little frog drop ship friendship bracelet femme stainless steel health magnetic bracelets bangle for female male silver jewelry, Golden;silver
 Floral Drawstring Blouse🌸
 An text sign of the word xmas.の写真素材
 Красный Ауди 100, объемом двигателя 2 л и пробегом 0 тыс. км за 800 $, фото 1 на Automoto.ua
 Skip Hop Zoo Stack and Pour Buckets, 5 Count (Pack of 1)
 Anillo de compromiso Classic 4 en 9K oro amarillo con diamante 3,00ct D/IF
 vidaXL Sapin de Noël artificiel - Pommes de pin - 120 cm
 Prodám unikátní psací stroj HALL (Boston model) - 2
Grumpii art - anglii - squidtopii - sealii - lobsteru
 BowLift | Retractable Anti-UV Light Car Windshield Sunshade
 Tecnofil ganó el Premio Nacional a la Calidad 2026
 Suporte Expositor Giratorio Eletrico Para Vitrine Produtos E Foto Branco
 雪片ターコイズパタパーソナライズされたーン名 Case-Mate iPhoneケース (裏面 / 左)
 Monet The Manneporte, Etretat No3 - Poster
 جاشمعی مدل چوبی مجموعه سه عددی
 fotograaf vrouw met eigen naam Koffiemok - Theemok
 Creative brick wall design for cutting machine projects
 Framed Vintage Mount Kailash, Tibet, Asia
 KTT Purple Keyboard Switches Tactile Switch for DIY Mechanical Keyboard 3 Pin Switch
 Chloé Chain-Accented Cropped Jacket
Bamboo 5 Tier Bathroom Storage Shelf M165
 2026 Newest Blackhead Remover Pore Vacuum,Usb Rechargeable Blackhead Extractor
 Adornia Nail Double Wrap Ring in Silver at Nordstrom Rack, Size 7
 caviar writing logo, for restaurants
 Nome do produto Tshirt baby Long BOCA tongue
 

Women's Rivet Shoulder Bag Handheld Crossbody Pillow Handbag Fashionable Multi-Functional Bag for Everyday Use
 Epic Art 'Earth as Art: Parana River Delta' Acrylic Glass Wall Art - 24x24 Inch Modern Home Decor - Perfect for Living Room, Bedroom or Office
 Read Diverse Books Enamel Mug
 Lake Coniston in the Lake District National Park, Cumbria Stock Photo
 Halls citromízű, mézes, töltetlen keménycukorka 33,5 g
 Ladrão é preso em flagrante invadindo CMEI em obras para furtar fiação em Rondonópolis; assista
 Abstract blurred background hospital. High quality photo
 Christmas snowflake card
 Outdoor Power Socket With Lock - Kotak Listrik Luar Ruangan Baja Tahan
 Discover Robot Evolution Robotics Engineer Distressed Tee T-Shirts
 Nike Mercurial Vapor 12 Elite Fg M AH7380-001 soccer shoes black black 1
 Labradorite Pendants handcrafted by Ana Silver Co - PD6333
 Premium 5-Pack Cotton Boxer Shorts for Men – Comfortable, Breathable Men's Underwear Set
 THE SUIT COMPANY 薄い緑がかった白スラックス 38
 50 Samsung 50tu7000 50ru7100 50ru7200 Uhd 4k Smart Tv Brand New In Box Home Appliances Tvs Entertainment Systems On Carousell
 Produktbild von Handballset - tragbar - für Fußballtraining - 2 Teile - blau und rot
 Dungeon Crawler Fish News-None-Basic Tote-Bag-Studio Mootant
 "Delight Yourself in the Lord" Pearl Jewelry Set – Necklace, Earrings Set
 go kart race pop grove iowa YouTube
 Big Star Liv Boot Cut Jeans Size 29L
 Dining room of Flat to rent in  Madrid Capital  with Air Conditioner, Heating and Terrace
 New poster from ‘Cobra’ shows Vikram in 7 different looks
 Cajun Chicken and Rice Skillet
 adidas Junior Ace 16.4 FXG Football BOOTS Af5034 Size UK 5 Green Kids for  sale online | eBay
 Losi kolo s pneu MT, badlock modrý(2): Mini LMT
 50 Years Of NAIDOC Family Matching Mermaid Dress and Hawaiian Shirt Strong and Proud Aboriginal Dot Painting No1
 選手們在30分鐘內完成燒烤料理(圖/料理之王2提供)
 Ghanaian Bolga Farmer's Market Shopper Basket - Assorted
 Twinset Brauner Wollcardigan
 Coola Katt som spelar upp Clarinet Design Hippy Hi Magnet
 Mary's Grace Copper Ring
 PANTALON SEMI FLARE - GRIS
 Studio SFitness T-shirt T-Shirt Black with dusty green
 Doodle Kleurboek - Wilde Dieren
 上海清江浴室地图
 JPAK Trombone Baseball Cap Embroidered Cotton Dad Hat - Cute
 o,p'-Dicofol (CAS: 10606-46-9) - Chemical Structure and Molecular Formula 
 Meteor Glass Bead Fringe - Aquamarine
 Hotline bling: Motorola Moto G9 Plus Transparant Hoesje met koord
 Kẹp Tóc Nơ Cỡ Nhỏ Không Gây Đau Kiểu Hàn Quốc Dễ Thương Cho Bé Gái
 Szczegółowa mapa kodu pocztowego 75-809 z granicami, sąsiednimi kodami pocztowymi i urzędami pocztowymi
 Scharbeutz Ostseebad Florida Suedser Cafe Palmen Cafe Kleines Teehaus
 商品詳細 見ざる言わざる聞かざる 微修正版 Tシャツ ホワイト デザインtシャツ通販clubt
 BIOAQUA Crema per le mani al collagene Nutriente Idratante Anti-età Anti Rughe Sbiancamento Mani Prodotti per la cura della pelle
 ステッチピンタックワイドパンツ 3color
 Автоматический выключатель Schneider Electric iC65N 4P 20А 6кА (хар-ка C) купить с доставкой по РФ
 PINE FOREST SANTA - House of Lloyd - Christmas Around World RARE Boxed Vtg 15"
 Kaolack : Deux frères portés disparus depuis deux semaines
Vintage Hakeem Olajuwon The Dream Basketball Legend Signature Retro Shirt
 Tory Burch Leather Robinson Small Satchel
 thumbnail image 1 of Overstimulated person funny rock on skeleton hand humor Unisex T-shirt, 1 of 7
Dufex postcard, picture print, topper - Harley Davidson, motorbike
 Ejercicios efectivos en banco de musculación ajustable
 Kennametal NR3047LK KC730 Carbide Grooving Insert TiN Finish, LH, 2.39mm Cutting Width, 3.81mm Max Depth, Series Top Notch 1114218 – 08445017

***

§ PROBLEM REQUIREMENTS:
The job here is to find each line above with the word "Cotton" and copy it.

§ EXERCISE OUTPUT:
 Premium 5-Pack Cotton Boxer Shorts for Men – Comfortable, Breathable Men's Underwear Set
 JPAK Trombone Baseball Cap Embroidered Cotton Dad Hat - Cute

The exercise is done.